[DIRECTIONS FOR THIS TASK]
The range runs from the line containing "Botox before and after photo" through the last line of the material below; retype it exactly, leaving out the pictures.

[PROVIDED MATERIAL]
....................

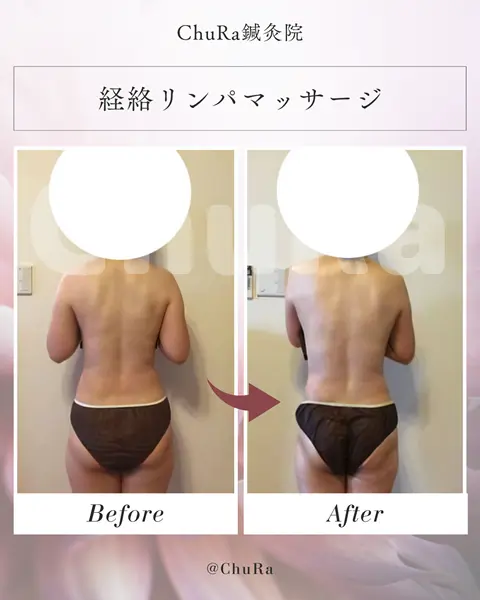 ビフォーアフター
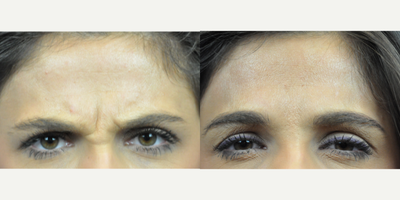 Botox before and after photo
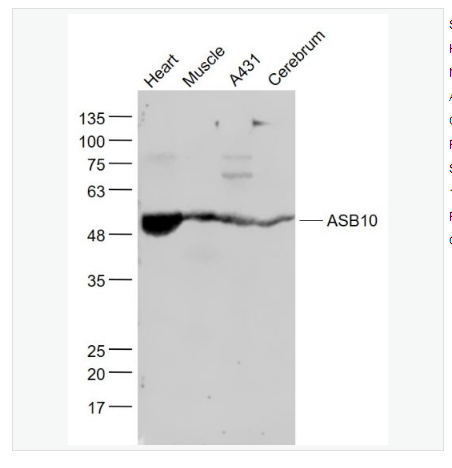 Anti-ASB10 antibody-含锚蛋白重复序列-细胞因子信号抑制物盒蛋白家族10抗体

....................

[TASK SOLUTION]
 Botox before and after photo
 Anti-ASB10 antibody-含锚蛋白重复序列-细胞因子信号抑制物盒蛋白家族10抗体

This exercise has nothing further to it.